Гефсиманское время - Олег Павлов
Шрифт:
Интервал:
Закладка:
Это не приобщение разных авторов к эпической традиции, а эпическое единство судеб. Михаил Бахтин называл эпос «поэмой о прошлом». В это эпическое прошлое превращается память , даже не взрослая, а детская. Они остались в своем детстве. Это не лирическая тоска по родному, а трагическая память о родном. Они мучительно переживают свое сиротство, то есть уничтожение «отцовского мира», который становится эпическим «миром отцов». С детской памятью о себе пишут и о современном мире. Память посылает их как пророков в мир для них чужой и не настоящий, словно будущий фантастический век, где все мертво и только железные машины копошатся на мусорной индустриальной свалке. Это пророчество о гибели крестьянской цивилизации в том мире, который сам должен погибнуть, потому что революционное обновление основ человеческого бытия вторглось в Божий замысел, обезобразило людей и землю. Такое мышление, для которого «память, а не познание есть основная творческая способность», в своей работе «Эпос и роман» определил опять же Бахтин: «Для эпического мировоззрения “начало”, “первый”, “зачинатель”, “предок”, “бывший раньше” и т. п. – не чисто временные, а ценностно-временные категории, это ценностно-временная превосходная степень, которая реализуется как в отношении людей, так и в отношении всех вещей и явлений эпического мира: в этом прошлом – все хорошо, и все существенно хорошее (“первое”) – только в этом прошлом. Эпическое абсолютное прошлое является единственным источником и началом всего хорошего и для последующих времен». Для «деревенской прозы», ее героев и создателей мир един как «абсолютное прошлое». Но соединяет разорванное эпическое пространство в единое целое детская память о самом себе, то есть пронзительный и глубокий лиризм, собственный опыт как бы пребывания в этом «абсолютном прошлом». Это прошлое – покров, тайна, царствие небесное, иная и подлинная, но недостижимая в настоящем времени, реальность. Путь к ней – воскрешение души через смерть. Связь с нею – молитвенное обращение к вечному.

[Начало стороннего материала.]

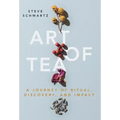 Art of Tea: A Journey of Ritual, Discovery, and Impact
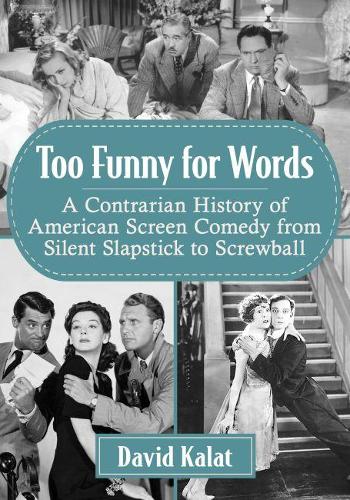 Бумажная книга «Too Funny for Words: A Contrarian History of American Screen Comedy from Silent Slapstick to Screwball», автор Дэвид Калат - фото №1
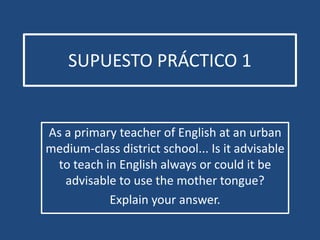 SUPUESTO PRÁCTICO 1 
As a primary teacher of English at an urban 
medium-class district school... Is it advisable 
to teach in English always or could it be 
advisable to use the mother tongue? 
Explain your answer. 
 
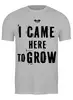 Заказать мужскую футболку в Москве. Футболка классическая I CAME HERE TO GROW! от Алексс Неро - готовые дизайны и нанесение принтов.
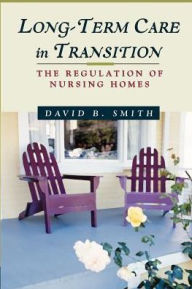 Long-Term Care in Transition: The Regulation of Nursing Homes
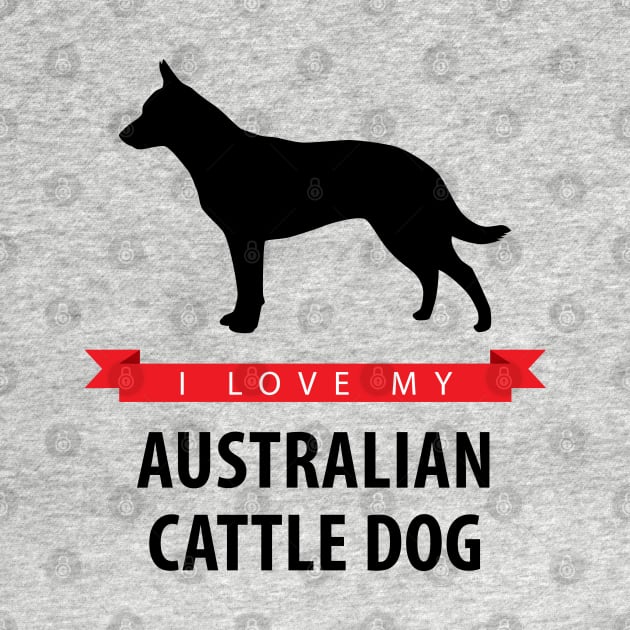 I Love My Australian Cattle Dog by millersye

Лирический эпос о русской деревне ворвался в советскую литературу в 60-х годах со страниц «Нового мира»… Эпос начинался там, где выдыхалось лирическое бездомье. Тогда же кончается век крестьянских поэтов и наступает литературная эпоха, в которой главное слово скажут крестьянские писатели. Обращение к всеобщему, национальному началу в поэзии Клюева и Есенина было вызовом собственной судьбе. Крестьянские писатели в советской литературе могли получить разрешение на обращение к русскому началу в деревенской теме – и можно сказать, что они подчинились этой теме. Общая тема даже не маскировала, а как будто подменяла то, что было эпическим единством. Происходило превращение национальной литературы в некое узкое социальное направление литературы советской, у которой не могло быть никакой национальности. Само понятие «деревенская проза», как и другое, «деревенщики», возникло в советской литературе – а, значит, этой литературе было необходимо. Для русских писателей, которых это понятие объединяло, подобное объединение оказалось тягостно: «так называемая деревенская проза» как будто лишает их собственных имен, выделяет в побочное направление литературного процесса. Они не соглашались с этим понятием, никто. Однако, вставая на защиту русской деревни, сами же понимали свое единство как идейное.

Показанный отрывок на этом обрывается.